Date: Mon, 6 Aug 2007 09:50:27 
To:Baher Esmat <baher.esmat at icann.org>
Cc:menog at menog.net, "'Salman Al-Mannai'" <SMANNAI at qtel.com.qa>,       "'Kais Al-Essa'" <operations at sahara.com.sa>
Subject: RE: [menog] RE: [ncc-regional-middle-east] Peering

      On Mon, 6 Aug 2007, Baher Esmat wrote:
    > I must also say that I was a little bit puzzled with parts of the discussion
    > as it appeared to me that we're not differentiating between the Incumbents
    > like STC, Batelco, ect., (those incumbents are also ISPs) and other smaller
    > ISPs. My understanding is that the Incumbents whether they have bilateral
    > peeing among themselves or peer via IXPs, they remain the big guys who own
    > the customers as well as most of the traffic.

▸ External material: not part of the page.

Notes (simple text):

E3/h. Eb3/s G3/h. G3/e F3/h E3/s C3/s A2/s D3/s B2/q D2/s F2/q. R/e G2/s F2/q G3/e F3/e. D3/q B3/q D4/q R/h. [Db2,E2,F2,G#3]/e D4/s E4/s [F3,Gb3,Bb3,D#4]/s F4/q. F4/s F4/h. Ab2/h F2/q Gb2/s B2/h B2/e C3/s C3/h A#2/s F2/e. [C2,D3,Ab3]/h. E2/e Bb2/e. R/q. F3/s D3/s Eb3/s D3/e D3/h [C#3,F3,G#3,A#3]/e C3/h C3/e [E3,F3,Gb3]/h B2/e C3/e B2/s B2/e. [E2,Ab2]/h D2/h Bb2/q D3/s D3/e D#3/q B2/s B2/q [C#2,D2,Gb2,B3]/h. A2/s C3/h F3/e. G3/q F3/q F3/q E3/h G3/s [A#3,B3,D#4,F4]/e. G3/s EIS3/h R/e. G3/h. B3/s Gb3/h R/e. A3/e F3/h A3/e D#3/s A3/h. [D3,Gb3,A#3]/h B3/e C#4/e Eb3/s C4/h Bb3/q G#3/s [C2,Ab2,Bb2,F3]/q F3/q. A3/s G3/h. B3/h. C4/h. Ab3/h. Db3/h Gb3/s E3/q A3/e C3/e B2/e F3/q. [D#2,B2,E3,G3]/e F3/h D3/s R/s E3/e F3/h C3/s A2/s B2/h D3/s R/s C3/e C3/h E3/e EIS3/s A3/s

The small ISPs on the other
    > hand have to have their own IXP setups and hence be in better positions to
    > negotiate better deals with Incumbents, or with upstream providers if ISPs
    > are allowed to connect directly to them.

Another way of putting it is to say that everyone needs to peer, in order 
to grow.  The big guys know this (they couldn't have gotten big if they 
didn't), and will always peer, whether internationally (in London or 
Amsterdam or Hong Kong or elsewhere), or across private bilateral sessions 
between each other.

It's the little guys who need the IXPs, in order to be able to efficiently 
compete with that, and peer as well.  If the big guys grow, and the little 
guys don't, you've got an increase in the digital divide problem.  If 
everyone grows, the whole market grows, and more new service is available 
to all potential customers at lower, more competitive prices.